▶ _EXERCISE PROMPT_:
Your answer must be exactly the lines from the one containing "Philips OneBlade 360" through the end of the material, both ends included, without pictures.

▶ _RECORDED DATA_:
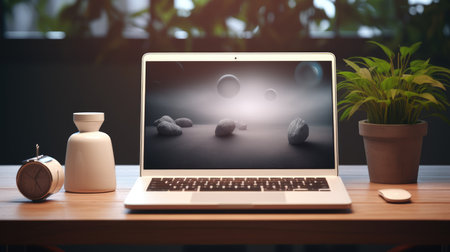 Laptop with blank screen on table in office. Mock up, 3D Renderingの素材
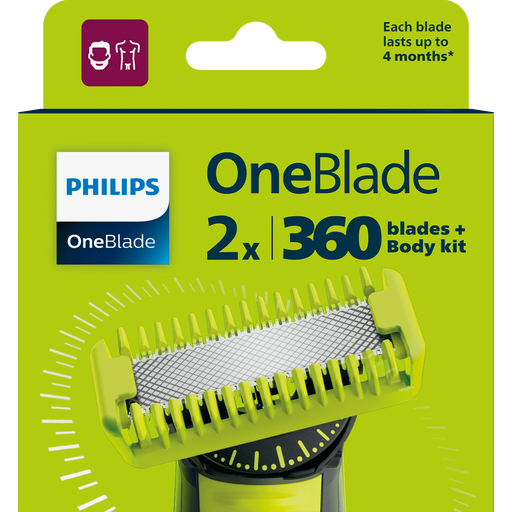 Philips OneBlade 360 Navulmesjes + Body kit QP624/50 2 stuks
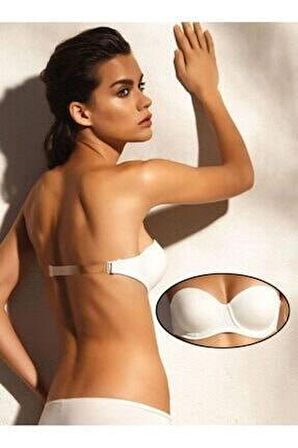 Pierre Cardin Kadın Sırtı Şeffaf Askılı Straplez Desteksiz Sütyen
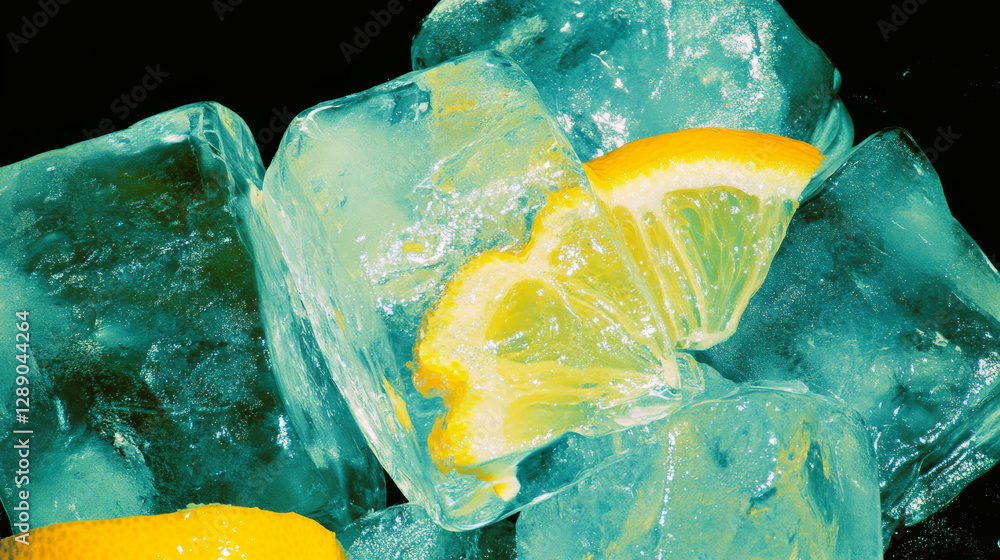 Poster Refreshing summer concept with ice cubes and lemon slices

▶ _WORKED SOLUTION_:
 Philips OneBlade 360 Navulmesjes + Body kit QP624/50 2 stuks
 Pierre Cardin Kadın Sırtı Şeffaf Askılı Straplez Desteksiz Sütyen
 Poster Refreshing summer concept with ice cubes and lemon slices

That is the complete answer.